Once an alert from the Alert column raises, the alert from the Inhibits and rules column will be suppressed with the Inhibited status in the Alertmanager web UI.

The Inhibits and rules column lists the labels and conditions, if any, for the inhibition to apply.

Alert inhibition rules for OpenStack clusters

Alert

Inhibits and rules

CassandraTombstonesTooManyCritical

CassandraTombstonesTooManyMajor with the same cassandra_cluster, namespace, and pod labels

CassandraTombstonesTooManyMajor

CassandraTombstonesTooManyWarning with the same cassandra_cluster, namespace, and pod labels

CinderServiceOutage

CinderServiceDown with the same binary label

KubeDaemonSetOutage

  • LibvirtExporterTargetsOutage

  • TungstenFabricControllerOutage

  • TungstenFabricControllerTargetsOutage

  • TungstenFabricVrouterOutage

  • TungstenFabricVrouterTargetsOutage

And other alerts described in Alert inhibition rules for MOSK clusters.

KubeDeploymentOutage

  • RabbitMQExporterTargetDown for the particular OpenStack service

  • RabbitMQOperatorTargetDown

  • TelegrafOpenstackTargetDown

And other alerts described in Alert inhibition rules for MOSK clusters.

KubeStatefulSetOutage

  • CassandraClusterTargetDown Since 23.3

  • CassandraClusterTargetsOutage Before 23.3

  • KafkaClusterTargetDown Since 23.3

  • KafkaClusterTargetsOutage Before 23.3

  • MariadbClusterDown

  • MariadbExporterTargetDown Since 23.3

  • MariadbExporterClusterTargetsOutage Before 23.3

  • MemcachedClusterDown

  • MemcachedExporterTargetDown Since 23.3

  • MemcachedExporterClusterTargetsOutage Before 23.3

  • OpenstackPowerDNSTargetDown Since 24.3

  • OpenstackPowerDNSProbeFailure Since 24.3

  • RabbitMQDown for the particular OpenStack service

  • ZooKeeperClusterTargetDown Since 23.3

  • ZooKeeperClusterTargetsOutage Before 23.3

And other alerts described in Alert inhibition rules for MOSK clusters.

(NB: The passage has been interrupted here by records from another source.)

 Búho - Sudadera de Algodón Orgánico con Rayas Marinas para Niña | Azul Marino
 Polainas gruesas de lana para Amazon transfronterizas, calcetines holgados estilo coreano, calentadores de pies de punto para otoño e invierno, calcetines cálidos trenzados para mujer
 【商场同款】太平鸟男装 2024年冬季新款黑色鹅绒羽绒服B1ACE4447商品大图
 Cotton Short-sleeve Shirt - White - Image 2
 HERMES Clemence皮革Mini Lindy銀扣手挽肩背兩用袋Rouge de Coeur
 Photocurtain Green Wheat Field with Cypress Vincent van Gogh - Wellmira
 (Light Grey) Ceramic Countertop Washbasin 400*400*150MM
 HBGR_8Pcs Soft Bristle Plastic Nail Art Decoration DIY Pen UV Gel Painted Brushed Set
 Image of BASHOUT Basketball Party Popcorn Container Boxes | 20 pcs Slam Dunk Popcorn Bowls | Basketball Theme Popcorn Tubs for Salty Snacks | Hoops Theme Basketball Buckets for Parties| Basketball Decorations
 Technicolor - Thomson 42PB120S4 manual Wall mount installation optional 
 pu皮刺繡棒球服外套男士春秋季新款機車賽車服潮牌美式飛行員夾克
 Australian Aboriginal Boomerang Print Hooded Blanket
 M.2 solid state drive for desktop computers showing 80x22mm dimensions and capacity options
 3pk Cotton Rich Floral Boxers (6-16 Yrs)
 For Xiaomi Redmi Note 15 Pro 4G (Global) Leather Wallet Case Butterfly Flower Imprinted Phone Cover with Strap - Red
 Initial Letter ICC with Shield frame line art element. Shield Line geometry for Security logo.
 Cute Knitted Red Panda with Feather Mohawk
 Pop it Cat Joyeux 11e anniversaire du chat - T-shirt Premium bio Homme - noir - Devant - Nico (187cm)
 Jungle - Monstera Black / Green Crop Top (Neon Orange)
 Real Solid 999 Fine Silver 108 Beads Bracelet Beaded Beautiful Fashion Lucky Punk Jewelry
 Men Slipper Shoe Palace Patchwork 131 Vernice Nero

LibvirtExporterTargetsOutage

LibvirtExporterTargetDown

MemcachedConnectionsNoneMajor

MemcachedConnectionsNoneWarning with the same namespace label

NeutronAgentOutage

NeutronAgentDown with the same binary label

NodeDown

  • Alerts with the same node label:

    • LibvirtExporterTargetDown

    • OpenstackPowerDNSTargetDown Since 24.3

    Since 23.3:

    • CassandraClusterTargetDown

    • KafkaClusterTargetDown

    • MariadbExporterTargetDown

    • MemcachedExporterTargetDown

    • OpenstackCloudproberTargetDown

    • RabbitMQOperatorTargetDown

    • RabbitMQExporterTargetDown

    • RedisClusterTargetDown

    • ZooKeeperClusterTargetDown

    And other alerts described in Alert inhibition rules for MOSK clusters.

NovaServiceOutage

NovaServiceDown with the same binary label

OpenstackPowerDNSProbeFailure Since 24.3

OpenstackPowerDNSQueryDurationHigh with the same target_name, target_type, and protocol

OpenstackSSLCertExpirationHigh

OpenstackSSLCertExpirationMedium with the same namespace and service_name labels

OsDplSSLCertExpirationHigh

OsDplSSLCertExpirationMedium with the same identifier label

TungstenFabricControllerOutage

TungstenFabricControllerDown

TungstenFabricVrouterOutage

TungstenFabricVrouterDown

TungstenFabricVrouterTargetsOutage

TungstenFabricVrouterTargetDown

Alert inhibition rules for MOSK clusters

Alert

Inhibits and rules

cAdvisorTargetsOutage

cAdvisorTargetDown

CalicoTargetsOutage

CalicoTargetDown

CephClusterFullCritical

CephClusterFullWarning

CephClusterHealthCritical

CephClusterHealthWarning

CephOSDDiskNotResponding

CephOSDDown with the same rook_cluster label Before MCC 2.25.0 (17.0.0 and 16.0.0)

CephOSDDiskUnavailable

CephOSDDown with the same rook_cluster label Before MCC 2.25.0 (17.0.0 and 16.0.0)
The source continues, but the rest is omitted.